TonyRees commented 2 years ago

Markus wrote:

@bart-v https://github.com/bart-v can you explain the meaning/rationale behind a synonym with accepted children?

From Tony: In IRMNG (which is based on the same software as WoRMS) both parents (e.g. a genus) and children (e.g. species) are maintained independently. So an editor may decide to synonymise a genus based on a particular source while omitting to move the children... or there may be multiple sources, one of which accepts the genus and one does not, and the children have only been synchronised with/imported from the first... so it is a manual task to move all children when a genus is made into a synonym, and does not break any (current) database referential integrity rules - but could be searched for via an automated routine of course, and flagged for an editor to fix up.

I would suggest more an oversight than anything else, although Bart may correct me here...

Of course a future iteration of the system could make it a software-enforced rule that an unaccepted parent cannot have accepted children, if the development/IT team decide to make it so...

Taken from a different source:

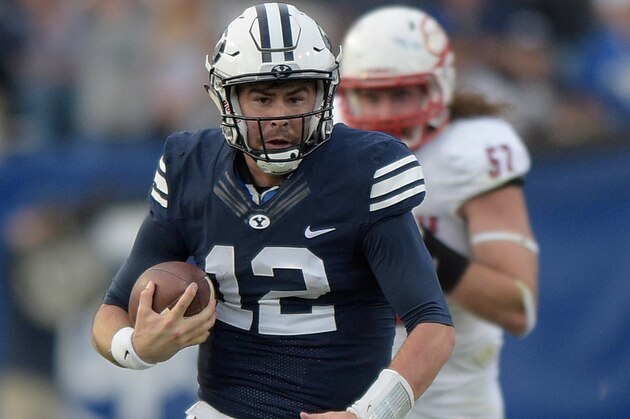 PROVO, UT - NOVEMBER 12: Quarterback Tanner Mangum #12 of the Brigham Young Cougars runs with the ball during their game against the Southern Utah Thunderbirds at LaVell Edwards Stadium on November 12, 2016 in Provo Utah. (Photo by Gene Sweeney Jr/Getty Images)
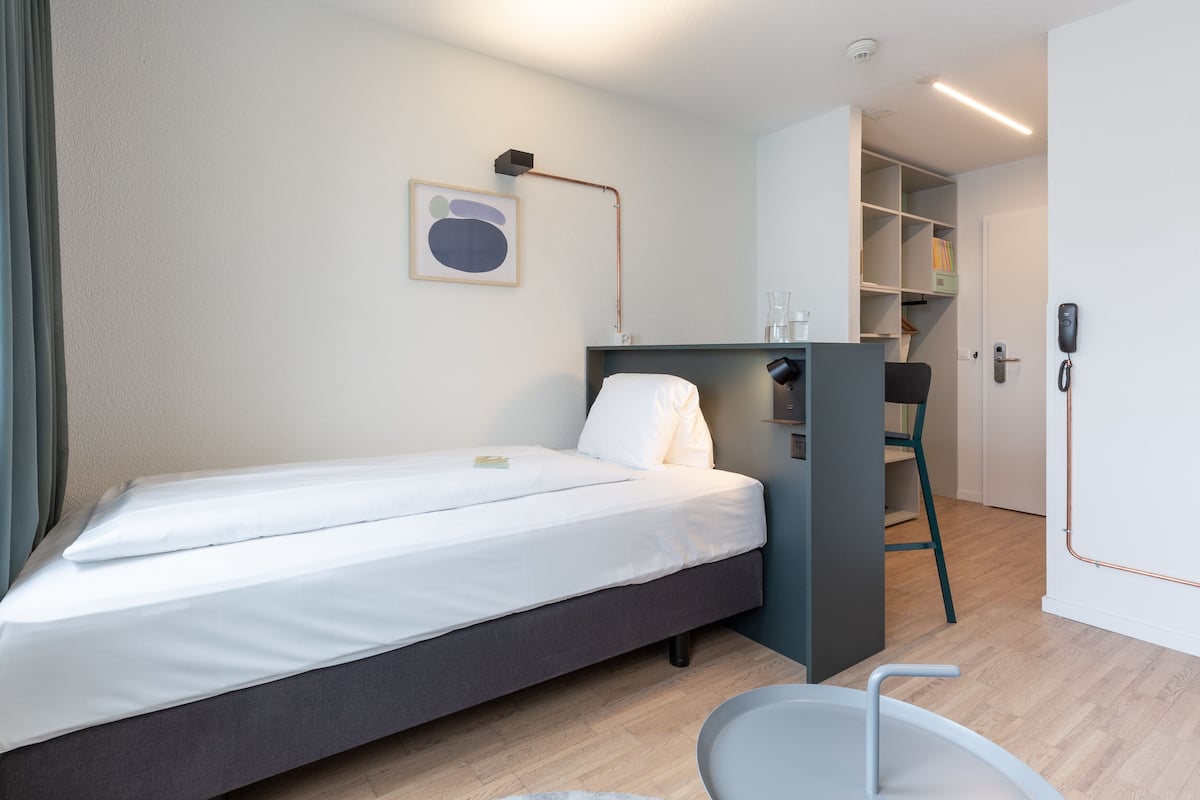 Ein ordentlich bezogenes Bett mit weißen Leinen, ein Schreibtisch mit Stuhl und ein Regal in einem modernen Zimmer mit hellem Holzboden.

On Mon, 9 May 2022 at 14:47, Markus Döring @.***> wrote:

@bart-v https://github.com/bart-v can you explain the meaning/rationale behind a synonym with accepted children? We will move such odd children to the accepted name of the synonym during imports. See also #434 (comment) https://github.com/CatalogueOfLife/data/issues/434#issuecomment-1120632098 for more issues I spotted in Mollusca

— Reply to this email directly, view it on GitHub https://github.com/CatalogueOfLife/data/issues/382#issuecomment-1120637668, or unsubscribe https://github.com/notifications/unsubscribe-auth/ABDXIXMNKZEMD5EYGA6R6BDVJCKGFANCNFSM5LYUDQZA . You are receiving this because you are subscribed to this thread.Message ID: @.***>

mdoering commented 2 years ago

Thanks Tony. Maybe COL should be more careful and simply drop all those taxa then. Seems like a main source for problems. Not simple to manage on our side though.

bart-v commented 2 years ago

Tony is correct. In maybe 50% of the cases it's just the editors that have not moved the children to the accepted parent yet.

BUT, in quite some cases this is on purpose, as a genus was marked as unaccepted and none or only part of the species were moved in that publication.

Basically we just need to live/deal with this...

mdoering commented 2 years ago

The problem of uncertain placement of species with a genus that is known to been removed is a problem we see in many systems, but each one deals with this problem differently. COL has adopted a recommendation to place such species under the next higher rank, e.g. family, and assign them a provisionally accepted status. Discussion and final conclusion at https://github.com/CatalogueOfLife/coldp/issues/45

A tough one to standardise...

yroskov commented 2 years ago

COL has adopted...

Whatever "CoL" adopted, our ability to clean up the mess, left in unresolved areas by taxonomists, is very limited. In many cases, we can only re-publish data as they delivered from the resources especially with automated updates.